Néro fut enterré sous le tamaris au pied duquel il avait été fusillé, et, bien qu’on la trouve juste, on pleure toujours sa mort.
LES ESPRITS FRAPPEURS
« Je n’y avais jamais cru… J’habitais alors, tout seul, une maison de campagne isolée, et je couchais au premier étage, au-dessus d’une sorte de chai, et au-dessous d’un grenier. Une nuit, comme j’appelais le sommeil en feuilletant un livre, j’entendis très distinctement des bruits de chaînes… Je prêtai l’oreille… les douze coups de minuit sonnèrent lentement à l’horloge lointaine du village ; je trouvai l’horloge ridicule de sonner minuit si à propos, et je me sentis rassuré par cette coïncidence comique.
« Au même moment, mes yeux se fermèrent malgré moi ; je m’endormis, et les bruits que je venais d’entendre servant de point de départ à un cauchemar affreux, je rêvai que j’étais encore au collège où mon régent me forçait à copier cent fois certaine histoire de revenants racontée par Pline ou par je ne sais quel autre ! Et comme mon régent courroucé me demandait si je comprenais le latin et ce que voulait dire funis, je répondais : funérailles. Le voyant se fâcher de plus belle :
— Non, disais-je, cela veut dire chaînes, bruit de chaînes et funérailles.
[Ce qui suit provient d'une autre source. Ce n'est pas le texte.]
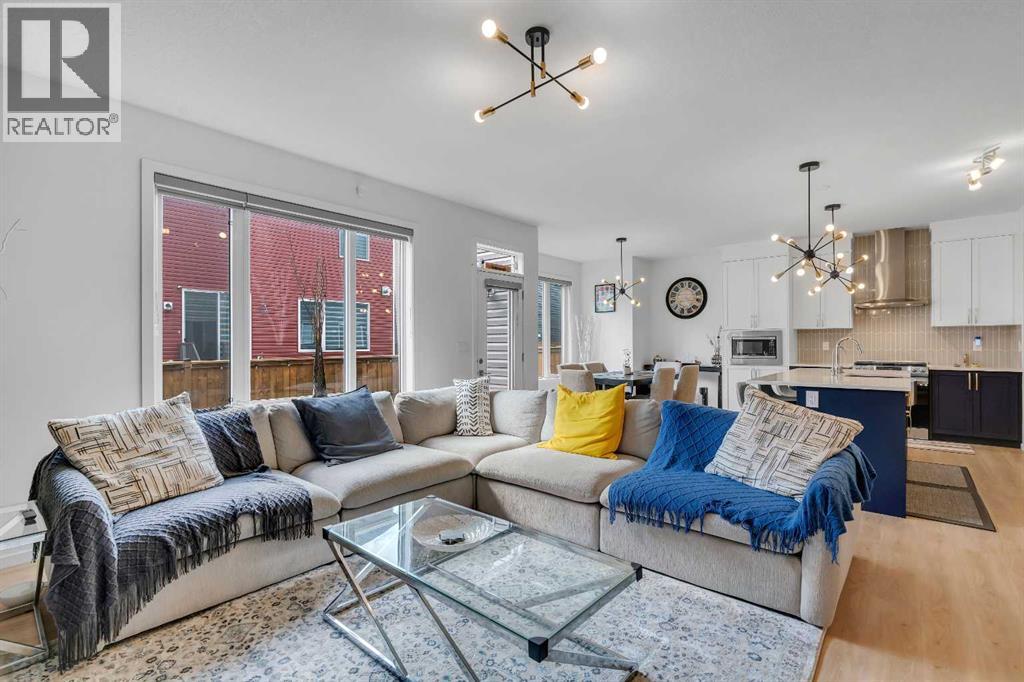 Single Family House for Sale in  Carringwood Grove NW Carrington Calgary 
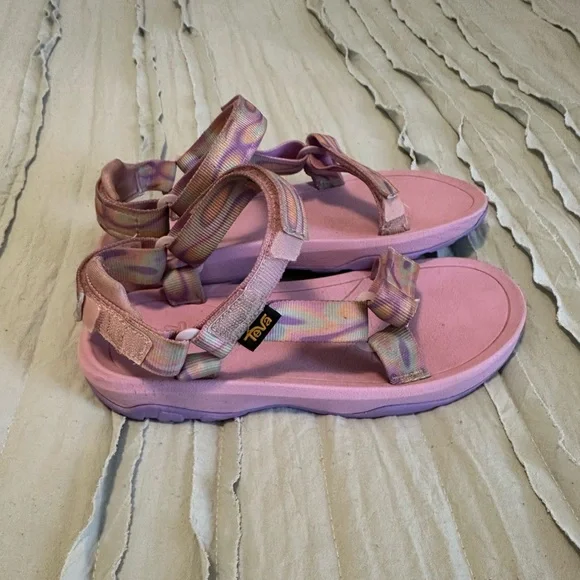 Teva Hurricane XLT2 Sandal | Size 3 - Picture 4 of 10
— Cela veut dire, s’écriait le régent hors de lui, la corde pour vous pendre !
« Quel drôle de rêve ! pensais-je tout en dormant. Là-dessus le livre, grâce auquel je m’étais endormi, tomba brusquement de mon lit sur le plancher, et je m’éveillai en sursaut. Ma bougie, usée jusqu’au bout, jetait des lueurs de mort, et un bruit de chaînes se faisait entendre distinctement dans la maison. Oui, c’était dans la maison, à n’en pas douter, que j’entendais distinctement un bruit de chaînes !
« Je me sentis pâlir et me mis sur mon séant. Mille raisonnements aussitôt se firent en moi, pressés, lumineux et rapides comme un faisceau d’éclairs. Je pensai : « Je suis seul ici, et il faut bien pourtant que je ne sois pas seul ! Qui donc est entré ? pour quoi faire ? pour voler ? Venir voler en traînant des chaînes, quelle apparence…! Les chiens, d’ailleurs, n’ont pas jappé. Ils sont là, dans l’allée, sous la lune. Mais alors ?… allons donc, je n’y croirai jamais. Des esprits ? des esprits frappeurs ? Pourquoi veut-on que des esprits, êtres subtils, tout à fait supérieurs, se livrent à des occupations indignes même d’un bourgeois sérieux, comme celle de réveiller les gens avec des bruits incompréhensibles ! Allons, allons, j’ai mal entendu. Je rêvais funérailles, cordes, chaînes… et il y a de la fièvre, causée par un peu d’embarras gastrique, comme dirait le docteur. Voilà tout.